Beyond the Badge, California Model

Lieutenant Monique Williams stays active in CDCR

CO Lt. Monique Williams
Lieutenant Monique Williams

Central California Women’s Facility (CCWF) Lieutenant Monique Williams, with 22 years at CDCR, exemplifies dedication to the department’s mission.

Williams began her career with the department in 2001 at Northern California Women’s Facility. When the facility closed, she transferred to California State Prison-Solano, then to Ironwood State Prison in 2003. She finally transferred to CCWF in 2008 where she currently serves as the institution’s Administrative Assistant/Public Information Officer. Williams recently completed a 34-month out-of-class assignment as Correctional Captain.

She has held the following positions:

  • Correctional Substance Use Counselor
  • Correctional Officer
  • Out-of-class Correctional Counselor
  • Correctional Sergeant
  • Correctional Lieutenant
  • and out-of-class Correctional Captain.

Williams has been a Peer Support member since 2010. She joined the CDCR Recruitment Team in 2019 and guest lectured at Fresno State University. She has also served as an Integrated Substance Use Disorder Treatment Ambassador since 2020. This year, she joined the Government Alliance on Racial and Equity (GARE) team.

As a CDCR Amend Ambassador, Williams traveled to Norway to observe Norwegian Correctional Services practices in April 2022, visiting different Norwegian male and female institutions. Williams and fellow CDCR staff took their observations and brought them back to implement into what has become the California Model.

“The California Model is excellent. It provides our staff with additional tools and resources on improving staff safety and wellness. We are simultaneously assisting the incarcerated individuals to become better neighbors and promoting public safety as they return to our communities. We are seeing a reduction in rules violations and incidents in the Psychiatric Inpatient Program, Youthful Offender Rehabilitative Communities, and the Rehabilitative Programming Units,” said Williams.

Q&A with Lieutenant Monique Williams

What motivated you to become a correctional officer?

I was motivated to become a correctional officer by a sweet woman in our local church who would gently recruit me every Sunday. My cousin in CDCR impressed me with her ability to take care of her family while enjoying her career.

What do you enjoy most about your job?

I enjoy being a positive, motivating, powerful force in the world, affecting change by being a part of the solutions. I enjoy the family atmosphere, wisdom, and personal growth I have experienced in the department.

What are some of the biggest challenges you face on a daily basis? How do you overcome them?

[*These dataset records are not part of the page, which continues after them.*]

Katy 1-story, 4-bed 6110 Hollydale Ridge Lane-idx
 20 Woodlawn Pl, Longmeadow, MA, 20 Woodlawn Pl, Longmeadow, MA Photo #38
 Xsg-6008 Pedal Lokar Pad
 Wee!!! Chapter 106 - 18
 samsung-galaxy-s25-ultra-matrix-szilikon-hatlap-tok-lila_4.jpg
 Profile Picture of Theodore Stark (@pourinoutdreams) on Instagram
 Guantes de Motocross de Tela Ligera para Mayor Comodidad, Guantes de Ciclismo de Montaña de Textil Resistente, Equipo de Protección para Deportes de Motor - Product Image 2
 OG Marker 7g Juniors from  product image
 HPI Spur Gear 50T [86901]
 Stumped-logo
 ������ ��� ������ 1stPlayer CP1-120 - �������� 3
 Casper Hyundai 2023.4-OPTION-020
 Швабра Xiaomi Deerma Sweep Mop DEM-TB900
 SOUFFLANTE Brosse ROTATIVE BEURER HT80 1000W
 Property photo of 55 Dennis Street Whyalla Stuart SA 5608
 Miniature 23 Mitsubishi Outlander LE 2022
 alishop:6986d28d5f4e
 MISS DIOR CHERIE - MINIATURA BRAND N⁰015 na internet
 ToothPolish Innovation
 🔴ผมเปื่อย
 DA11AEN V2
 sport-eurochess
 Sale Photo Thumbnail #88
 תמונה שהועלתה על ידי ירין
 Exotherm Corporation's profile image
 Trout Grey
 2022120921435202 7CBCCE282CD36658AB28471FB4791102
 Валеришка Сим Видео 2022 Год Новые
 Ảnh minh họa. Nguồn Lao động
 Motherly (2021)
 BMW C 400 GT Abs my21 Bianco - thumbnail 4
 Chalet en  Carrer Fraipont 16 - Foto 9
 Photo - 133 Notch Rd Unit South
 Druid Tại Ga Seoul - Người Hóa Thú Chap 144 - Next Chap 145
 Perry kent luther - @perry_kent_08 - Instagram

I believe overcoming challenges requires staying connected to the wealth of knowledge shared by peers, subordinates, and leadership. Some of the greatest daily challenges come in the form of maintaining our professionalism and positive attitudes.

We must navigate the great changes occurring in the department as we are making the working and living environments better for all. Remaining abreast of the implementation of new policies, professional development, and training have been a great way I have overcome challenges. Allowing myself to learn from those knowledgeable individuals has been key. My personal relationship with my Creator and my faith has been a stabilizer and overcoming force.

How has your role as a correctional officer evolved over the years? What changes have you seen in the corrections industry?

My role as Correctional Officer has evolved over the years from providing safety and security of the institution by ensuring the individuals in our care remain housed. We have now evolved into providing meaningful rehabilitation, education, treatment, and restorative justice programs. These are all in a safe and humane environment. We are no longer just housing the population.

CDCR ensures the individuals in our care reintegrate into our communities as drug-free, healthy, and employable members of society. We have to remember to take care of (ourselves, too, as we’re) working hard day in and day out. Ensuring the health of the helper is the foundation. Accountability, transparency, and care is how we maintain the safety and security of the areas we are blessed to govern.

Anything else you’d like to add?

I love working for the California Department of Corrections and Rehabilitation. I have an excellent career, which has afforded me great benefits and unending opportunities.